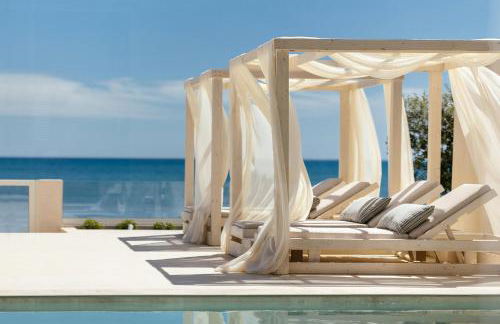 Salty Angel Sea Front Villa - Photo 5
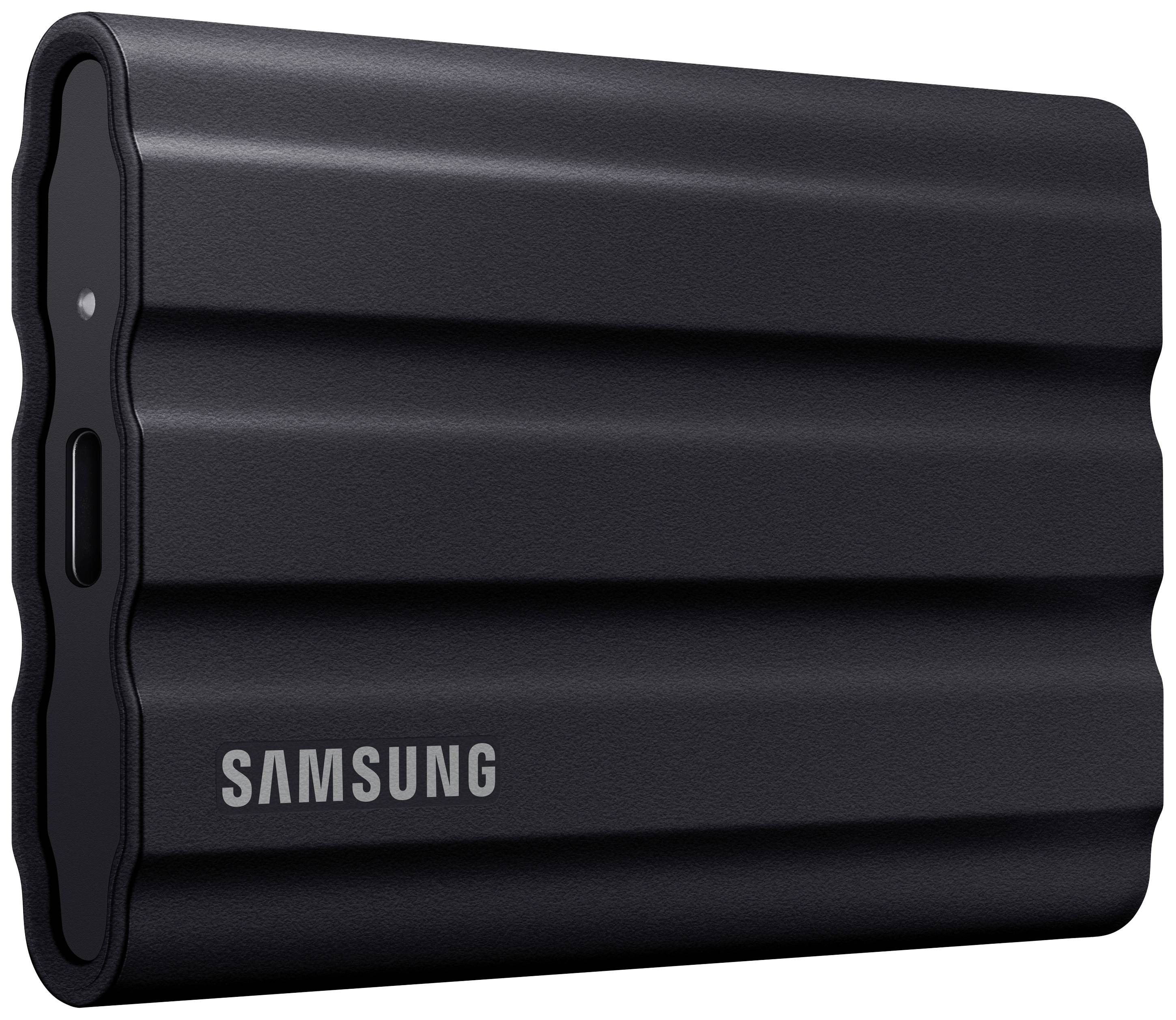 Črn zunanji Samsung trdi disk z USB-C priključkom. Kompakten dizajn, strukirana površina, značilna za blagovno znamko.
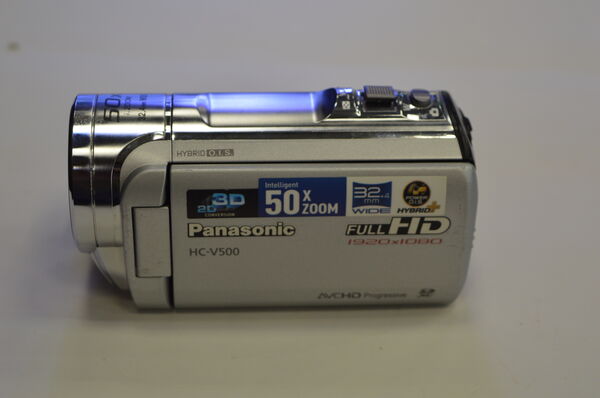 Видеокамера Panasonic HC-V500, Ресейл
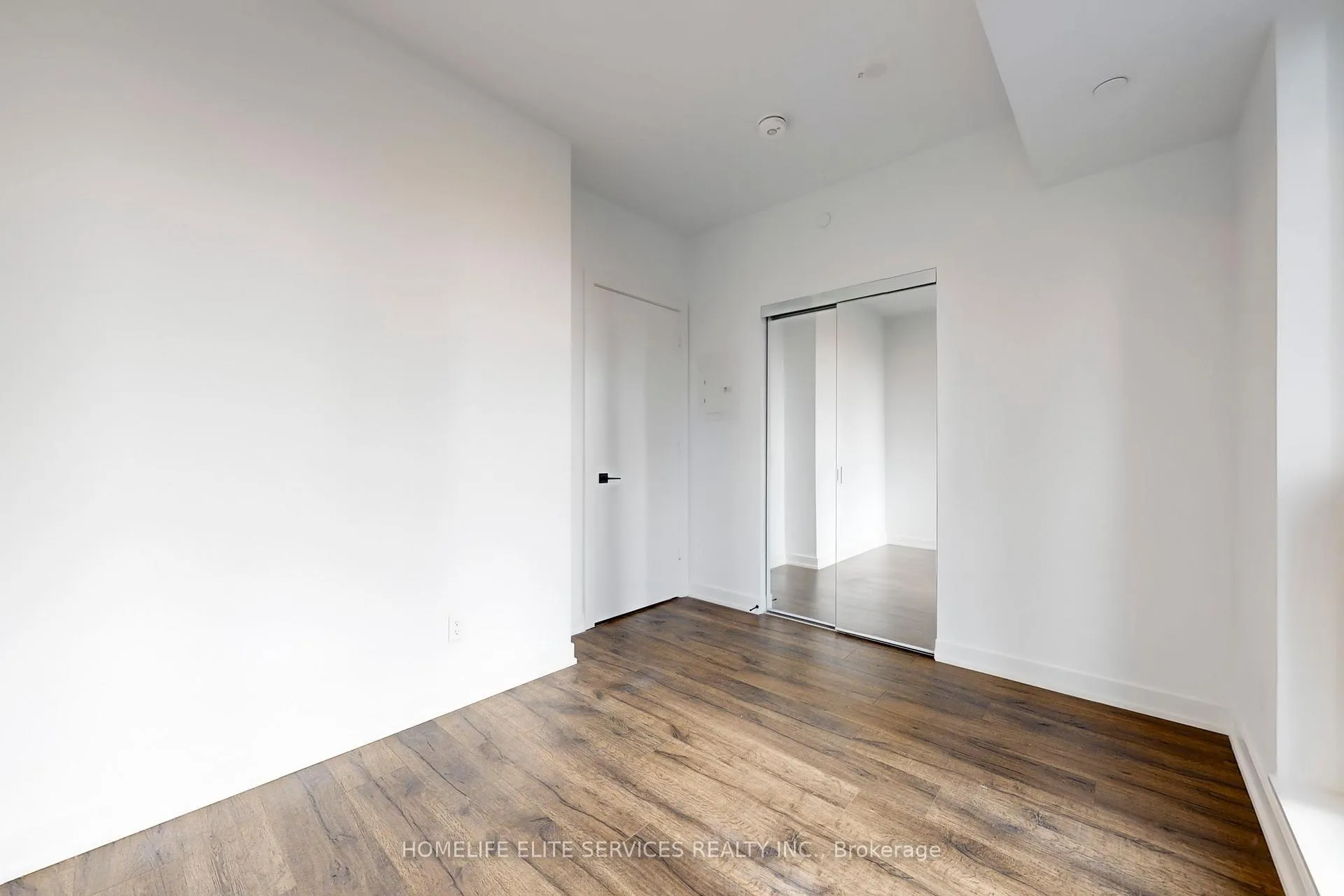 Photo 32 of Unit 2302, 327 King Street W, Toronto, Waterfront Communities — HOMEH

______

TASK INSTRUCTIONS
With pictures excluded, the data must be transcribed in full and to the letter.

RESULT OF THE EXERCISE
 Salty Angel Sea Front Villa - Photo 5
 Črn zunanji Samsung trdi disk z USB-C priključkom. Kompakten dizajn, strukirana površina, značilna za blagovno znamko.
 Видеокамера Panasonic HC-V500, Ресейл
 Photo 32 of Unit 2302, 327 King Street W, Toronto, Waterfront Communities — HOMEH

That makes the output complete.